We seem to have a multitude of memes around our approach to food as a species. I suppose that is what makes us rather unique in that we don's have a consistent set of foraging and feeding behavior within a contiguous range?  There are numerous other species which display cross range memes in terms of foraging, the most colloquial being the milk/cream  stealing tits in England;-) I do digress, let me return to the notion of slow food and living. This is something I find very appealing, but that is for my subcultural meme. From an evolutionary perspective I doubt this has much in the way of selective advantage or disadvantage in the short term, most profoundly due to the rapid mixing of memes and behavioral patterns.

To get back to the whole sourdough starter issue, what did we try? We tried the flour and water left outside in the elements, I tried chopped up fruit, raisins, potato water and and and.. After leaving each of these Bio-experiments standing and fermenting on our kitchen counter for a good few weeks, much longer than intimated by the authors of various articles books and colloquial comments. The kitchen was filled with the aroma of fermenting flour, but nothing substantial. We then started getting fruit flies and fungus .. But it does appear that we have developed a moderately active culture, with the foam and all. This is after Anita had taken a sub sample of the last  few attempts. So where does this lead me? Phase n! of sourdough bread making.  So what we did before?
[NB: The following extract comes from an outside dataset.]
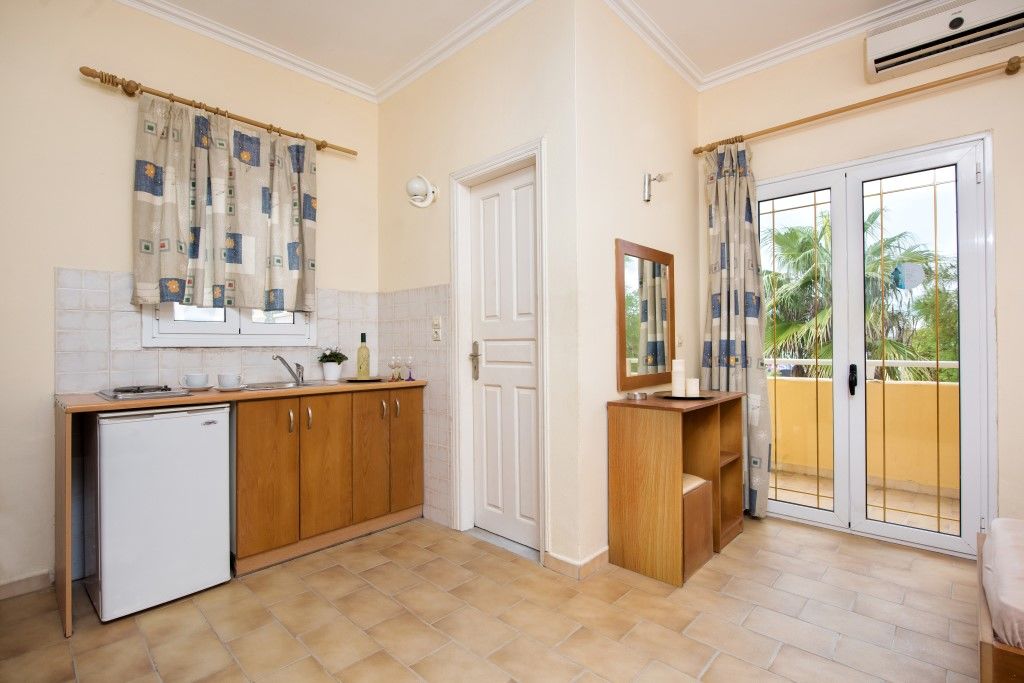 Trabukos Beach Complex (Adults Only) Kávos Екстериор снимка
We made sourdough, but decided that we needed a new culture because there was a fear that we had contamination with commercial yeast. One imagines we should have left best alone, but now we have started culture, which i will give away.. dont worry we wont sell it :-)

what else have learnt, wonderous things about the "science" of breadmaking, bla bla this would all be repetition of easily available resources on the Web. But one or two things i did discover was something to do with the percentage water/flour ratio and what impacts this has on bread making and the magic 60/30 rule. The thing i did however discover was something more amazing.. how the frig they do this ...





And the other thing is why bread is scored or cut like this?

 that is quite interesting, we have also discovered more about flours and types of flours and the misnomer that it means a tremendous amount..



It is all a learning experience, not altogether different from growing veggies in pots on our porch, learning to fish with bait in the sea...  Part of my life as an ex pat. No I did not say my name was pat or that I was a Patsy.. ;-)


So what next, more photos, more things to do and see.

oh here is a nice pic of mine that is in a gallery on the web .. no nothing that fancy, just a collection of images about the interislander ferry in Kiwiland :-)





it is here if you wanna see the bigger version HERE


oh well enough of all things exiting and random for today. You may ask, why the sourdough bread? Why the slow food, just randomness and limited meaning to another day on the slow hamster wheel in kiwiland.